Directions for this task: Retype the entries exactly, but skip the pictures.

Information given:
%%

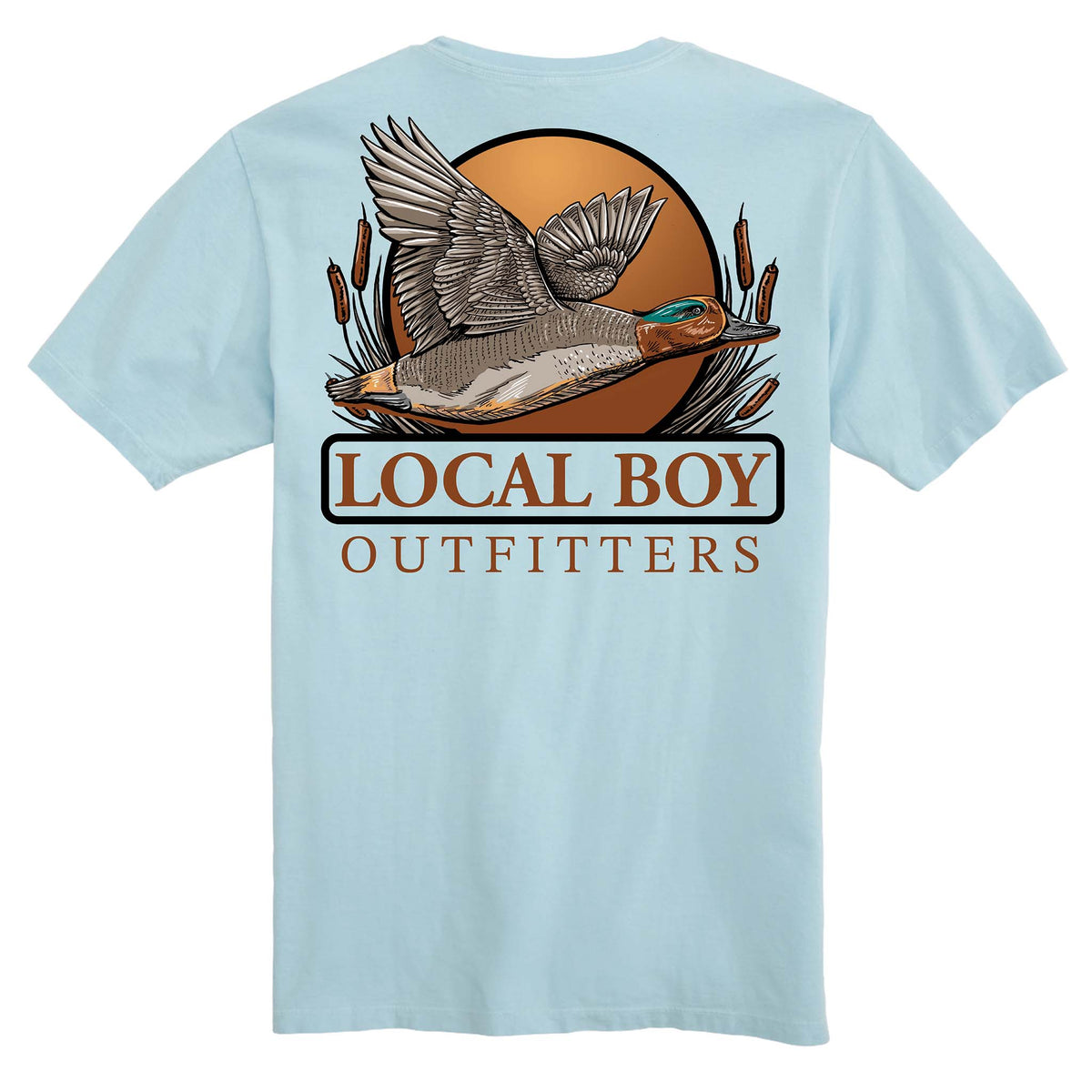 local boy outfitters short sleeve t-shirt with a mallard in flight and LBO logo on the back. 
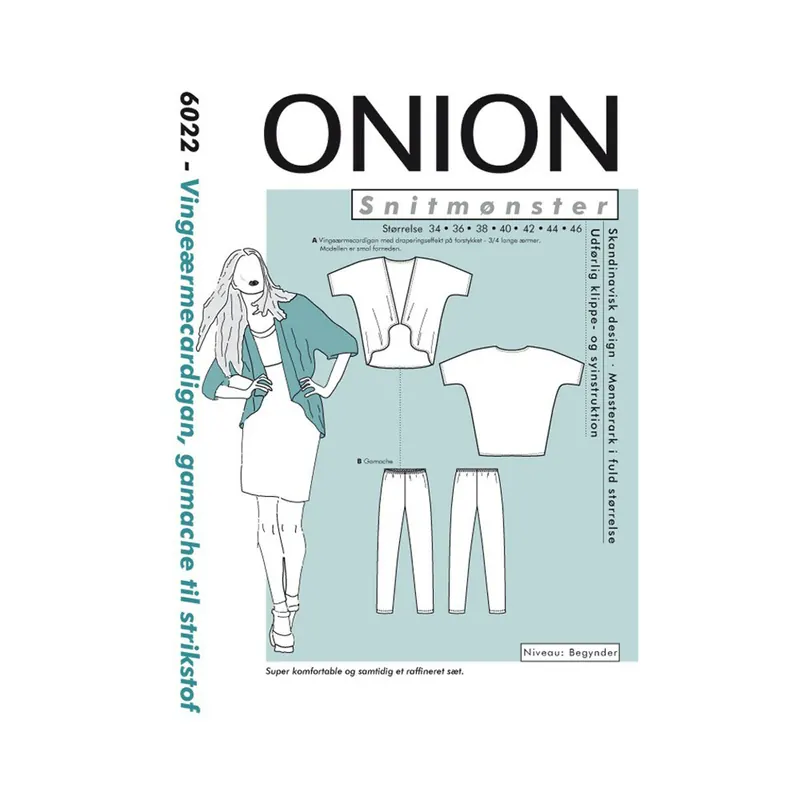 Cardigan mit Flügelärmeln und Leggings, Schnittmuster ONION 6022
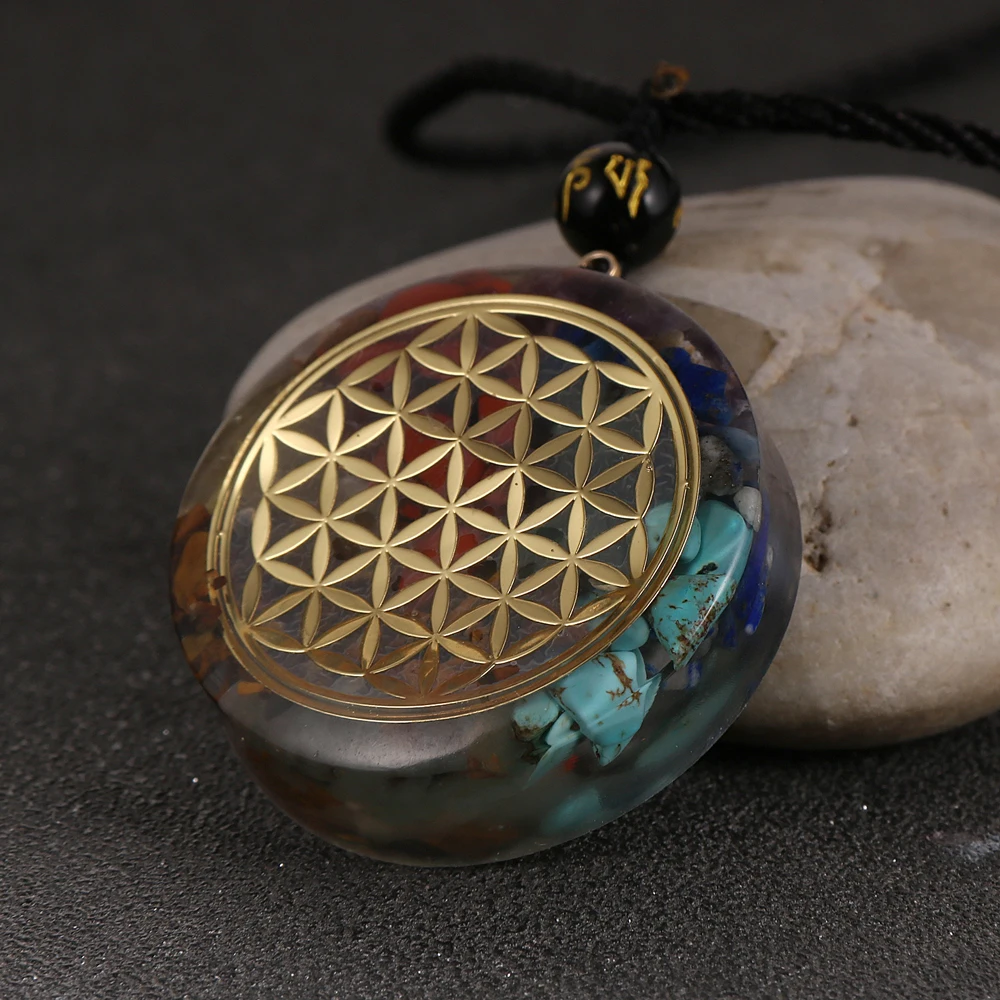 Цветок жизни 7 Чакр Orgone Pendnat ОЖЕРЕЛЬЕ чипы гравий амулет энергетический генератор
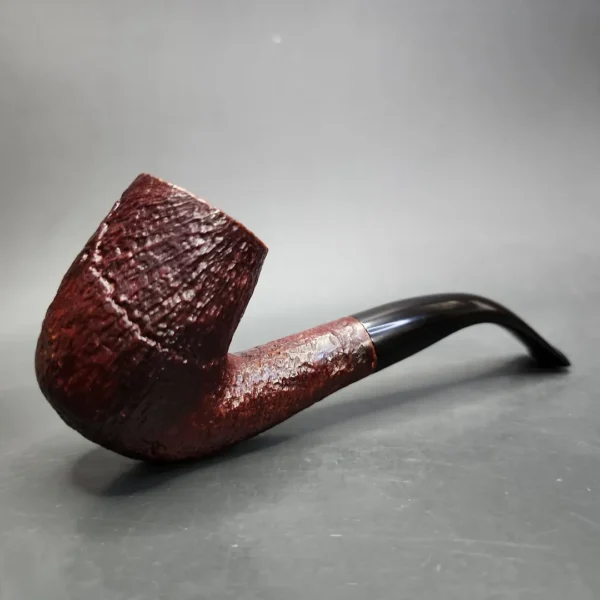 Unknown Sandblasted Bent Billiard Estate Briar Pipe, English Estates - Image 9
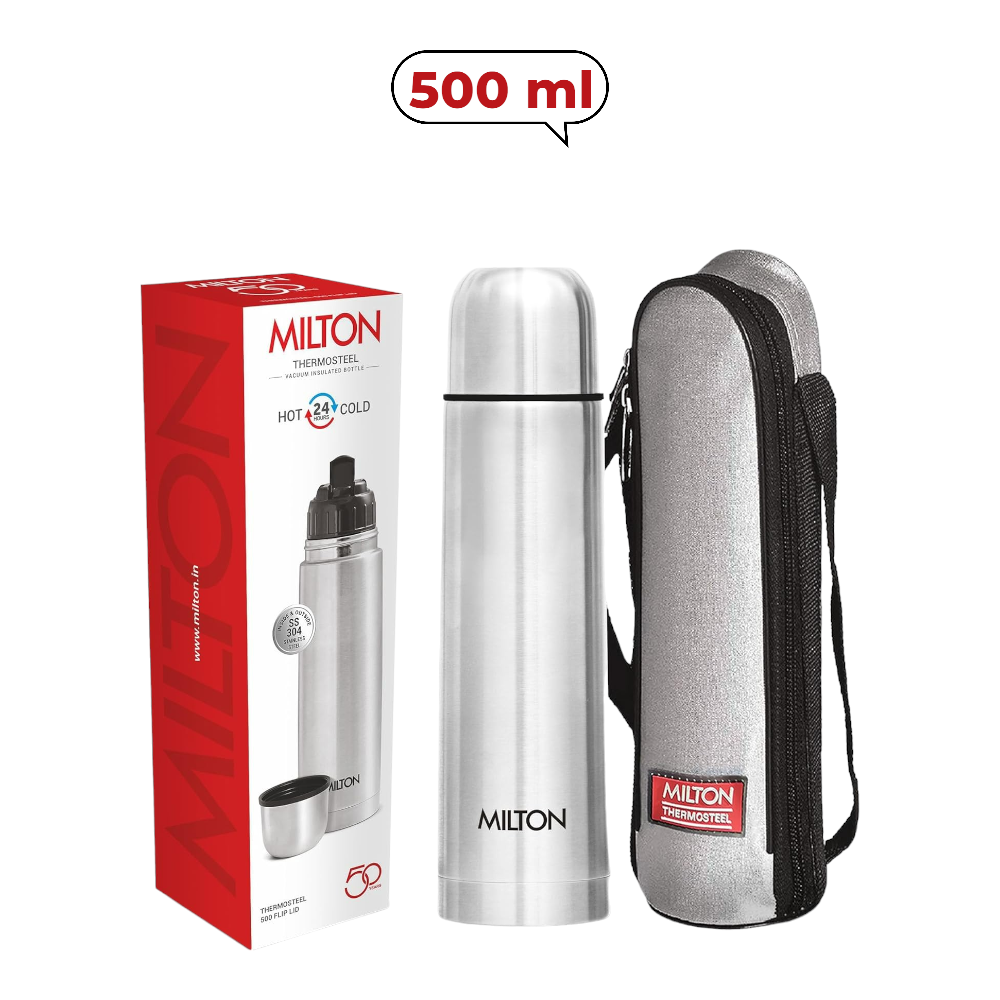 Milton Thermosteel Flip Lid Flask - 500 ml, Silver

%%

Your response:
 local boy outfitters short sleeve t-shirt with a mallard in flight and LBO logo on the back. 
 Cardigan mit Flügelärmeln und Leggings, Schnittmuster ONION 6022
 Цветок жизни 7 Чакр Orgone Pendnat ОЖЕРЕЛЬЕ чипы гравий амулет энергетический генератор
 Unknown Sandblasted Bent Billiard Estate Briar Pipe, English Estates - Image 9
 Milton Thermosteel Flip Lid Flask - 500 ml, Silver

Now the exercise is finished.